Some of you may have tried silk paints like Setacolor or Jacquard silk paint. There is a difference in the look of paint vs. dye. This quilt uses both. The painted silks are matte, while the dyed silks retain their shine.

I used silk charmeuse in combination with cottons to make this piece, A Triumph of Tulips. The silk must be heavy enough to be opaque, so I dye and fuse with 16mm charmeuse.

Silk shows the texture of the quilting better than anything.


  1. How spectacular, those colors are so inspiring to me. thank's alot for showing it to me
    Love Doris

  2. I love the pedicures on those dogs! Little red toenails!

    Photos don't do justice to the shining beauties you are showing here. Having seen some of them in person I can say they are even more amazing than pictured.

  3. Triumph of Tulips is spectacular. Thank you for more tips as well.

  4. Hi Melody!

    I'm a member of the 2Dye4Bee (a spin off of Prairie Star Guild in St. Charles!). I LOVE your blog! We haven't ventured into silk yet - but maybe we'll start soon! Thanks again for sharing!

  5. Love the moon piece and the tulips really are spectacular!

    Kristin F. in SC

  6. What a beautiful post to wake up to this morning. Makes me want to dye up some hot silk and make something bright and cheery after my loooong rainy season here in the north west.

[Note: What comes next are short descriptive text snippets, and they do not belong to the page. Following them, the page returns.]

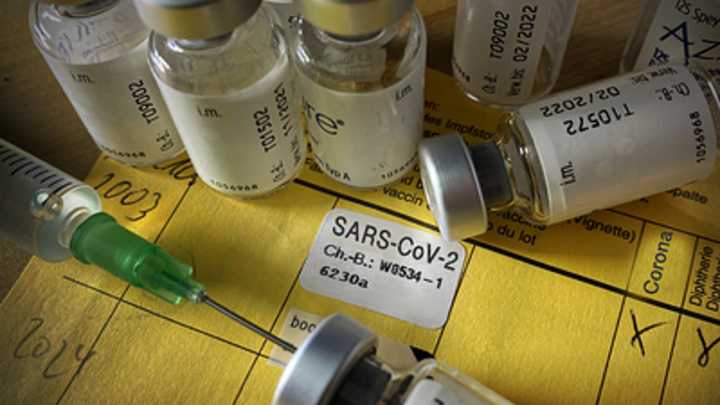 Этим годом всё это не закончится: Иммунолог дала неутешительный прогноз о прививках от COVID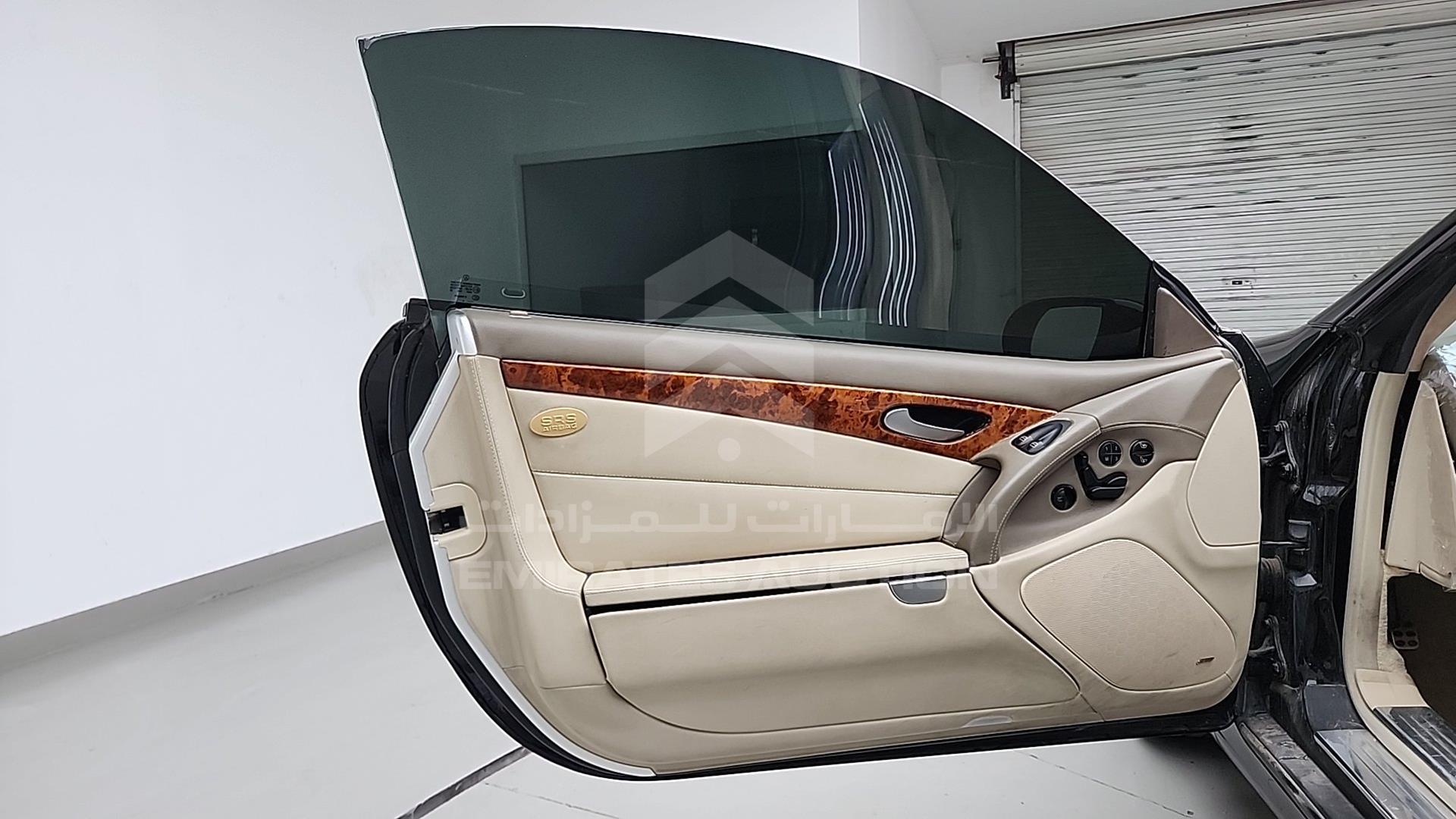 2007 MERCEDES SL 500 VIN: WDBSK71F37F122470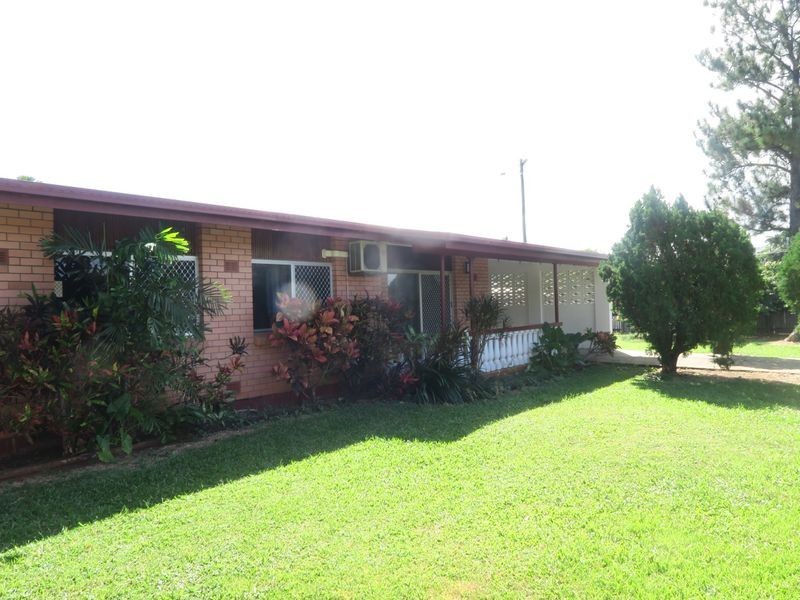 299 McCoombe Street, Mooroobool QLD 4870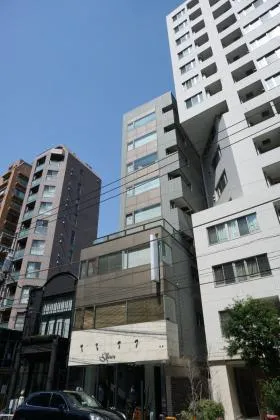 グロー青山ビルの外観
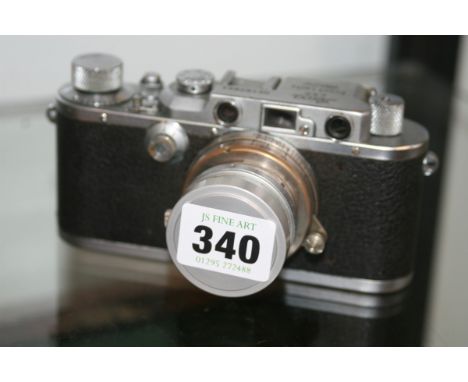 A LEICA CAMERA SERIAL NUMBER 197863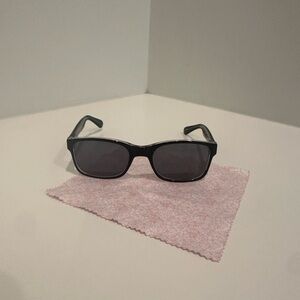 Eye-Q Stylish Black Sunglasses
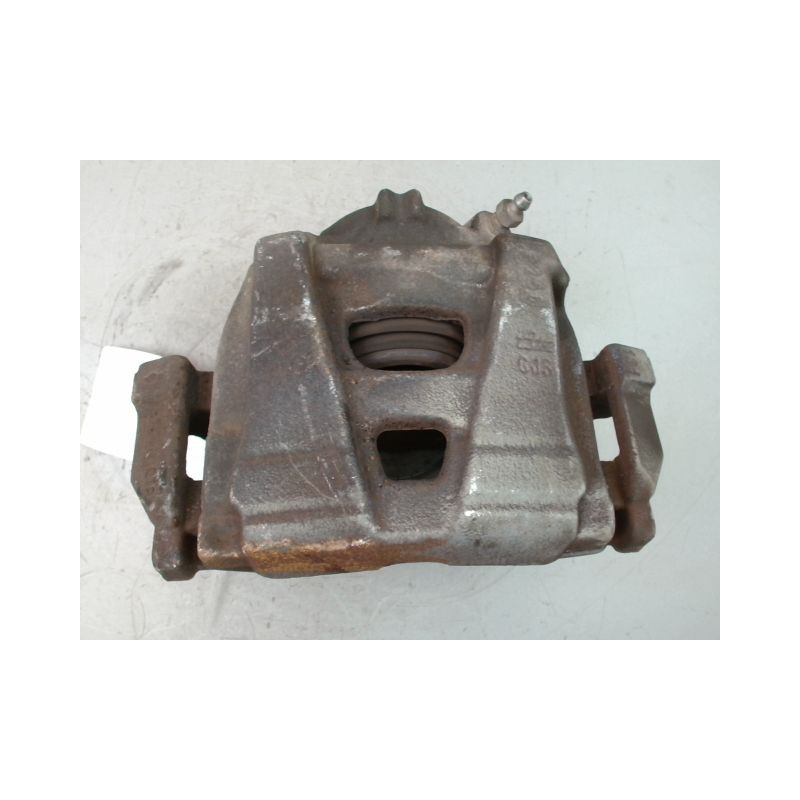 ETRIER DE FREIN AVANT GAUCHE AUDI Q3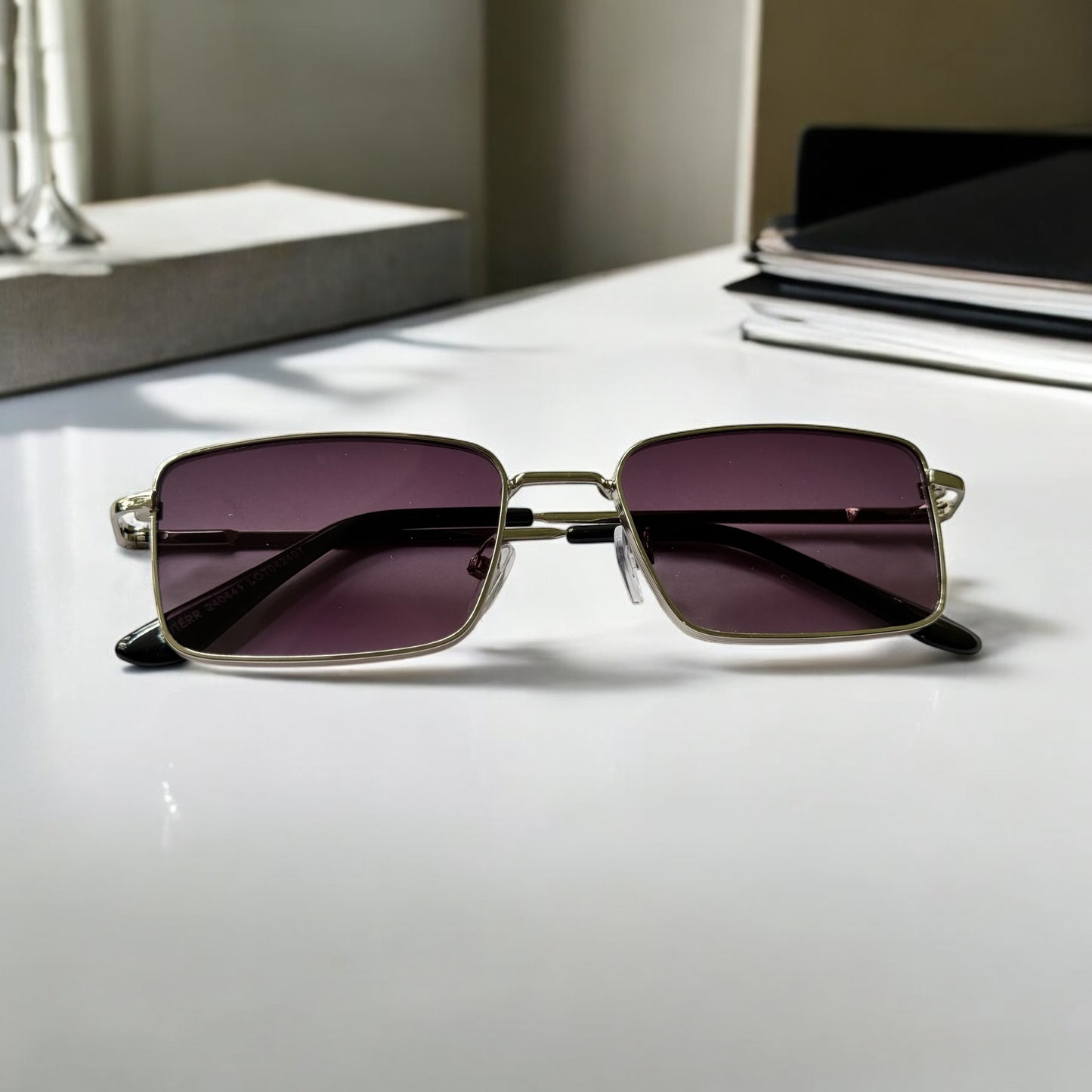 Sunglasses .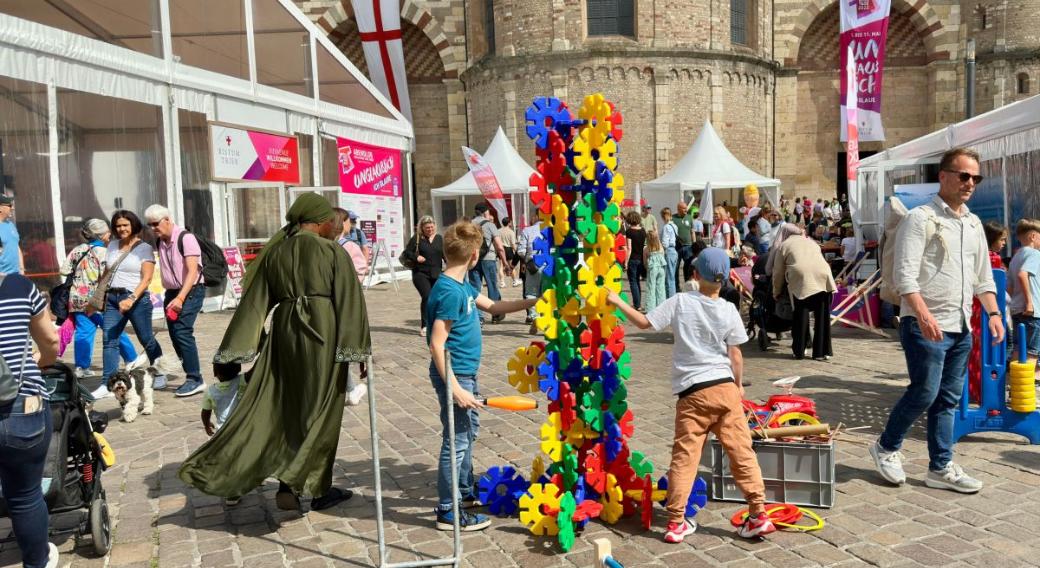 Berichte, Bilder und Videos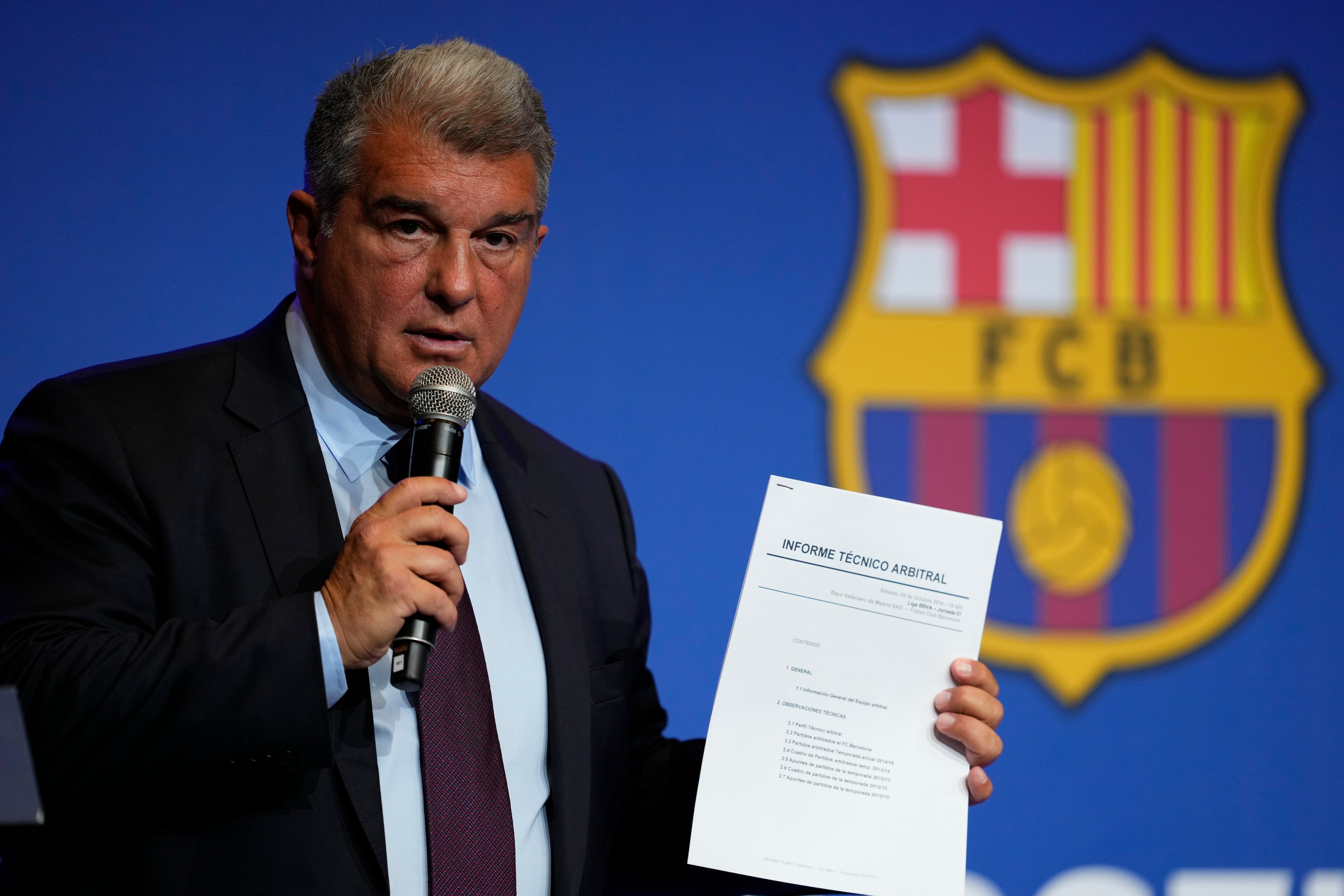 El presidente del FC Barcelona, Joan Laporta, durante la comparecencia que protagoniza este lunes para informar de los resultados de la investigación interna llevada a cabo por la entidad azulgrana en relación al caso Negreira.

    Those dogs are too cute.

  7. Your last few posts contain so much fantastic information, thanks for your open willingness to share! :D

  8. Diane6:25 PM

    Melody, I feel so fortunate to have 'happened' upon your blog. The silks are so yummy! I am a dyer-wanna-be and having read everything I could get my hands on about the subject, I still feel apprehensive. One thing I am hoping to avoid when I do get to it is the resulting fabric being stiff. I have seen and handled many hand-dyed pieces only to find they are so stiff I would not want to use them in a quilt, or anything else for that matter. Is it correct in thinking that not all hand dyed cotton fabrics are stiff? I would appreciate any input on this. And while I may be apprehensive, I think I am ready and anxious to give this a go. We've had torrents of rain recently as well with more on the way. Ack! Thank you for your time.

  9. I still absolutely adore the quilt with the moon behind the row of trees. It's one of my favorites. Do you still own it and is it for sale?

  10. Melody,

    These are wonderful--I especially like "Triumph of Tulips"--maybe I need to try some silk pieces, the texture is fabulous.

  11. Diane, You asked about stiffness in dyed cotton fabrics, and there is absolutely no difference in the hand of dyed fabrics BUT there is A BIG DIFFERENCE in the hand of painted fabrics. Lots of 'fabric dyes' are really paint, not dye at all. Beware of the difference. I use procion dyes, a fiber reactive dye that is the industry standard.

  12. There are just no words for your quilts/Art. AMAZING. I have to tell you, I lose all sense of time looking at your work. I love all the colors, designs, I could go on and on and on. Thanks so much for sharing your talent and work with us. As a new pretty new quilter, you inspire me.